**AVAILABLE DATA**
>>

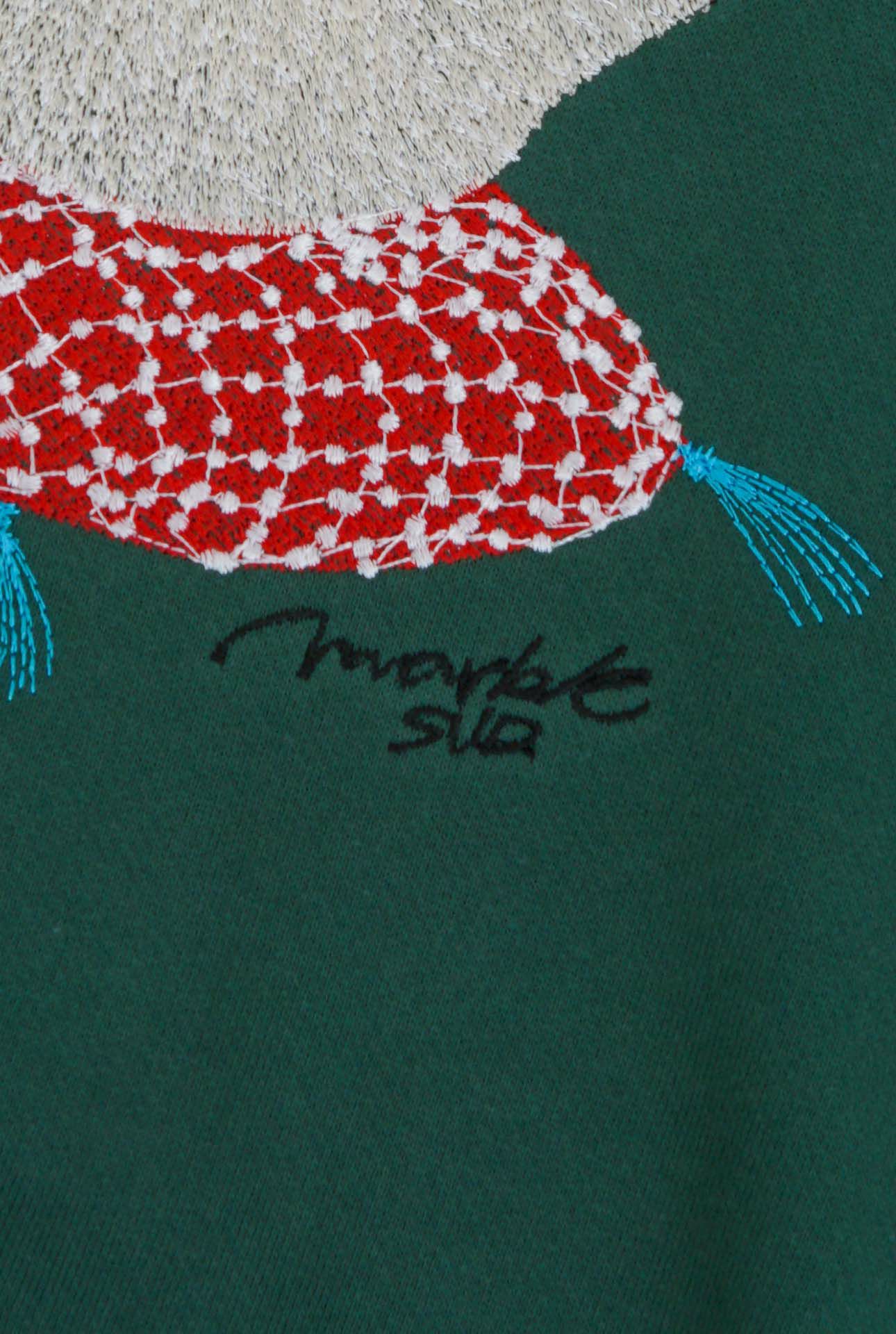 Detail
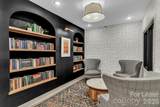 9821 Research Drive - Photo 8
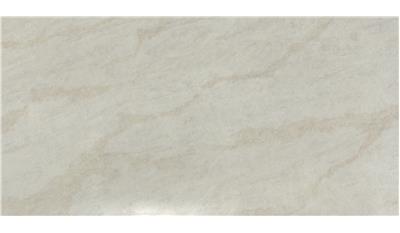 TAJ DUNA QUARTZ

<<
>>

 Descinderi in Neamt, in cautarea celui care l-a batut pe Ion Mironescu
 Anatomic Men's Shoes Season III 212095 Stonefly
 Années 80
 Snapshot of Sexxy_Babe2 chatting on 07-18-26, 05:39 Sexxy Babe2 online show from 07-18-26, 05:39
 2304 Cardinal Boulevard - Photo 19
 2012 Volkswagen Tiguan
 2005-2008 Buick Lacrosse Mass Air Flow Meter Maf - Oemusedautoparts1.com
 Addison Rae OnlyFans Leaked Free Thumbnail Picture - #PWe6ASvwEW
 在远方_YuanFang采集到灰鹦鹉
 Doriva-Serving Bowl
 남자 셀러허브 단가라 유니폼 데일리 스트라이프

<<
>>

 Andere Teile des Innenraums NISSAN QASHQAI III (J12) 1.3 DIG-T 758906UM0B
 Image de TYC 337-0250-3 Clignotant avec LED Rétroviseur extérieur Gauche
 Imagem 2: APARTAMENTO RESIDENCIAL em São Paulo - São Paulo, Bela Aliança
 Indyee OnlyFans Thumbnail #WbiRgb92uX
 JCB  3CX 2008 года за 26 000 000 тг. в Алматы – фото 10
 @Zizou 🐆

<<

**AIM OF THE TASK**
Would you quote everything above from the line containing "Addison Rae OnlyFans" down to the line containing "남자 셀러허브 단가라 유니폼 데일리 스트라이프"? Include both of those lines and nothing else.

**TASK RESULT**
 Addison Rae OnlyFans Leaked Free Thumbnail Picture - #PWe6ASvwEW
 在远方_YuanFang采集到灰鹦鹉
 Doriva-Serving Bowl
 남자 셀러허브 단가라 유니폼 데일리 스트라이프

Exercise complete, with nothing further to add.